Flash memory maker M-Systems has been signed up by Microsoft to provide a high capacity memory unit for the next-generation Xbox console, adding weight to reports that the system will not include a hard drive.

M-Systems is best known for manufacturing USB flash drives which are small enough to attach to keyrings, but the company says that what it is manufacturing for Xbox 2 is a product that does not currently exist, and will be far higher capacity than the 8mb Xbox memory cards.

Sources within Microsoft and at development studios which have been briefed about the Xbox 2 specification have previously indicated that the company is seriously considering dropping the hard drive from the console in favour of high capacity solid state memory devices.

The deal with M-Systems fits perfectly with these reports, as it would suggest that an extremely large removable flash memory unit would replace the hard drive. Flash units of up to 512mb - half a gigabyte - are already commonplace in pen and keyring devices, and it's possible that Microsoft could aim for an even larger unit for the Xbox 2 memory system.

Such a unit would be large enough to store hundreds, possibly thousands of save games, and even small-scale downloadable content such as new skins or models for multiplayer titles. However, the console would probably lose the ability to rip music CDs and run custom soundtracks - although Microsoft would probably prefer that you do that by playing music on your Xbox over a network link with a Windows XP Media Centre enabled PC anyway.

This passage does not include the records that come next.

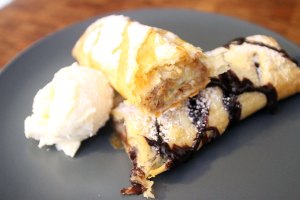 2015-banana-puff-pasty 032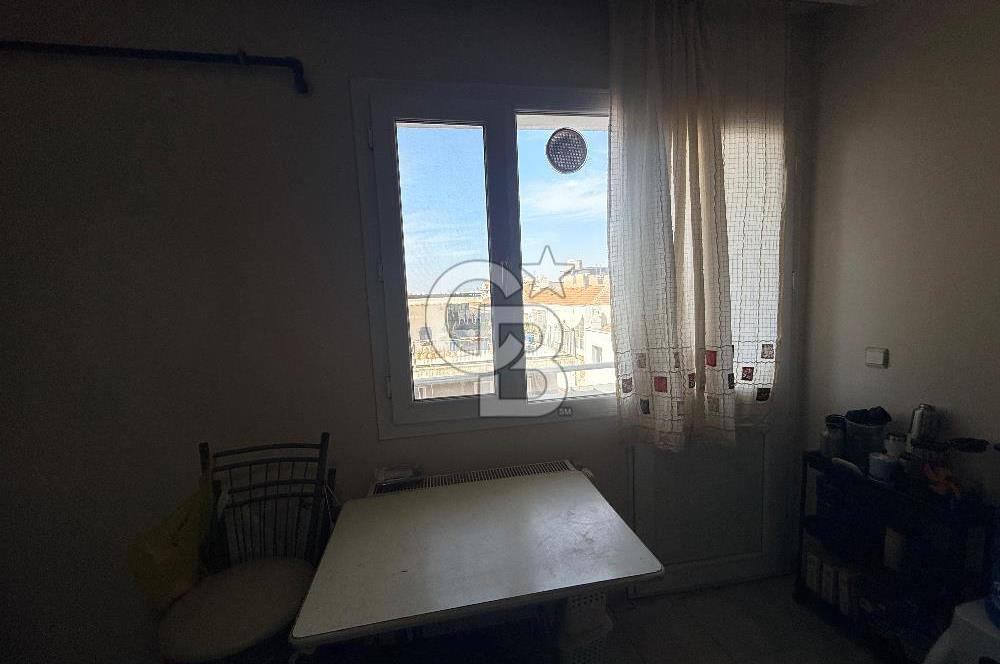 Konak Akın Simav Mah.Sahile Yürüme Mesafesinde Satılık 2+1 Daire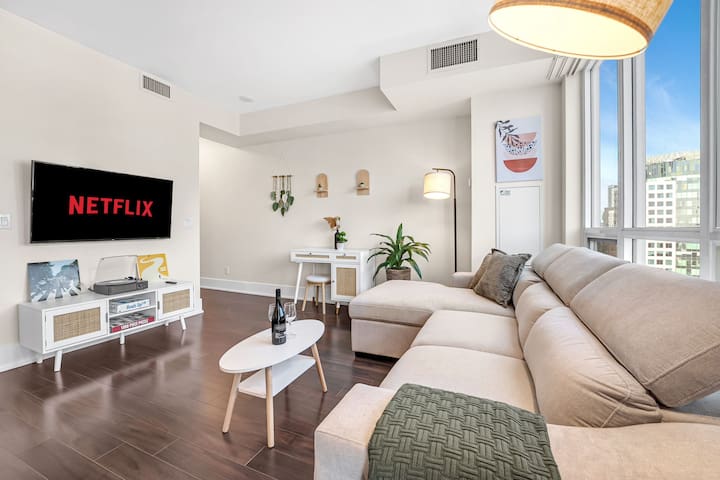 Boho 2bdrm Sleeps 6 near Rogers/MTCC/Union/CNtower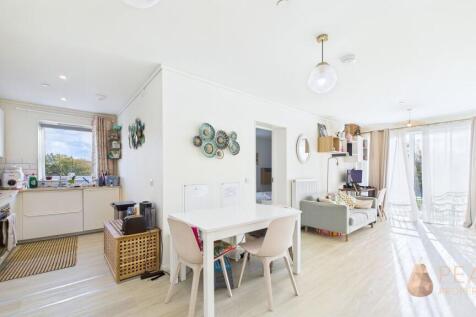 Open Plan Living Room/ Kitchen/ Dining Area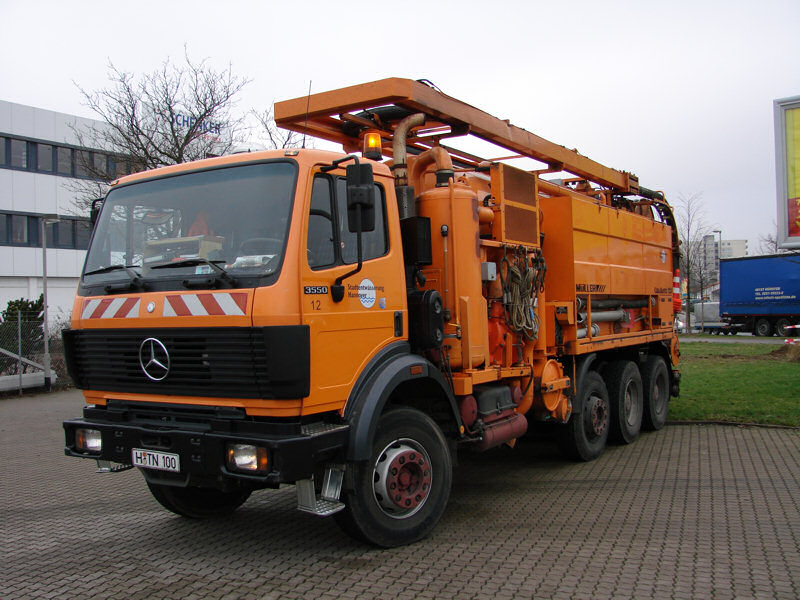MB-SK-3550-orange-Weddy-020907-01.jpg - Clemens WEddy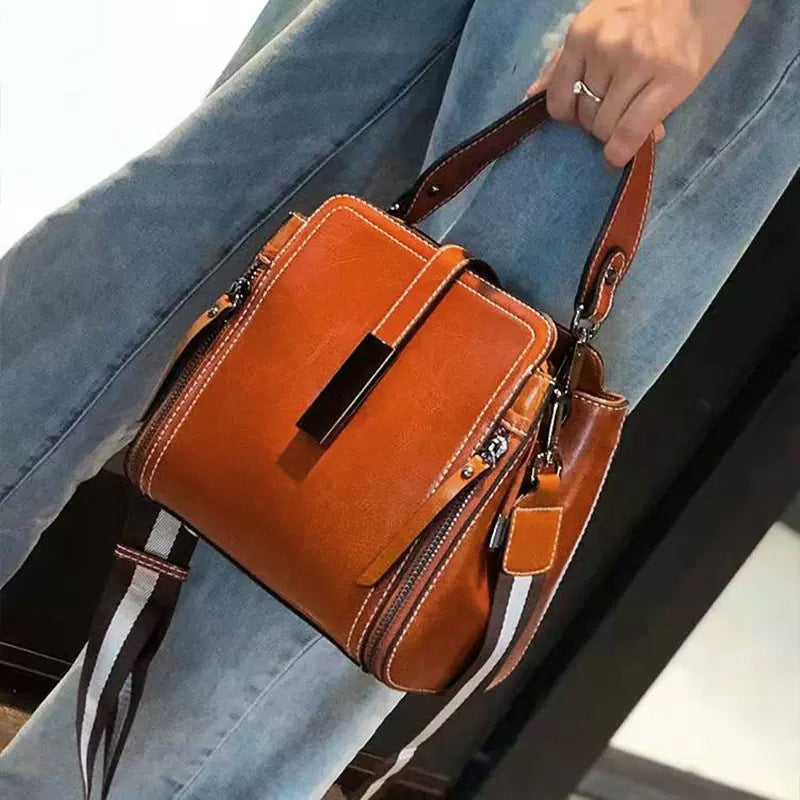 Women's Genuine Leather Trendy Four Fashion Portable Handbags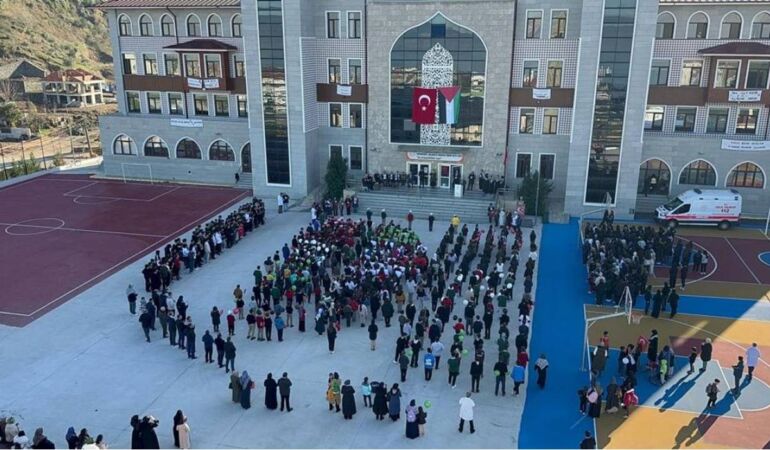İmam hatiplere ücretsiz yemek, burs, özel sınıflar… ‘Kamu kaynakları sadece bir okul türüne mi ait?’
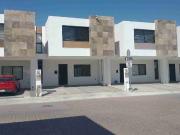 CASA EN VENTA EN JARDINES DE ALEJANDRIA, MUY CÉNTRICA AL...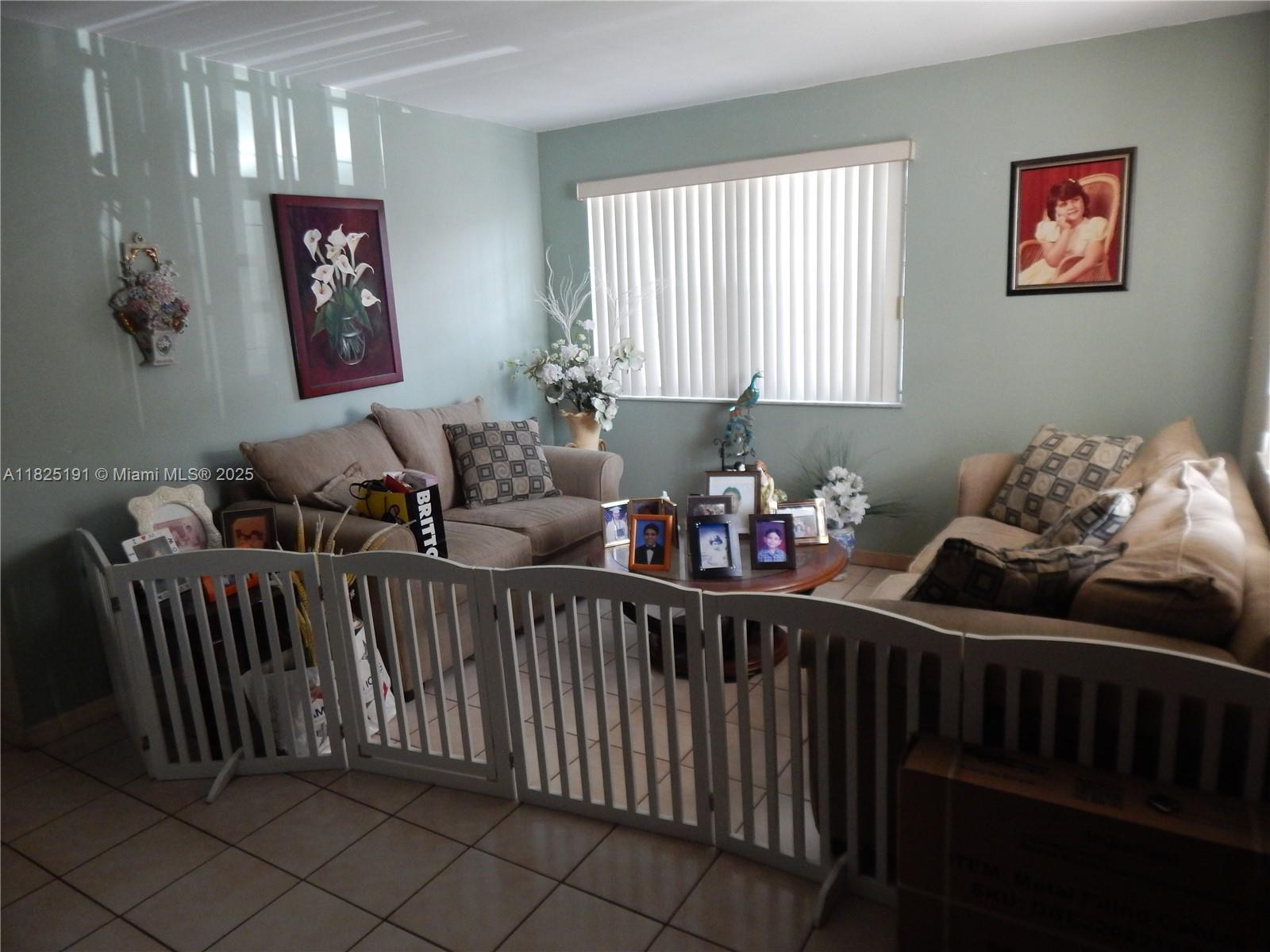 347 NW 57th Ct, Miami FL 33126 photo 4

Microsoft will save significant amounts of money on the production cost of Xbox 2 by not including a hard drive, as well as allowing the case for the unit to be smaller and opening up a potential revenue stream from sales of flash memory units. The company will also be hoping that the lack of a hard drive will make Xbox 2 less attractive to hackers than its predecessor - whose hard drive has made it into a prime target for hackers who have turned the console into everything from a functional Linux system to a home media player, as well as enabling easy piracy of Xbox game titles.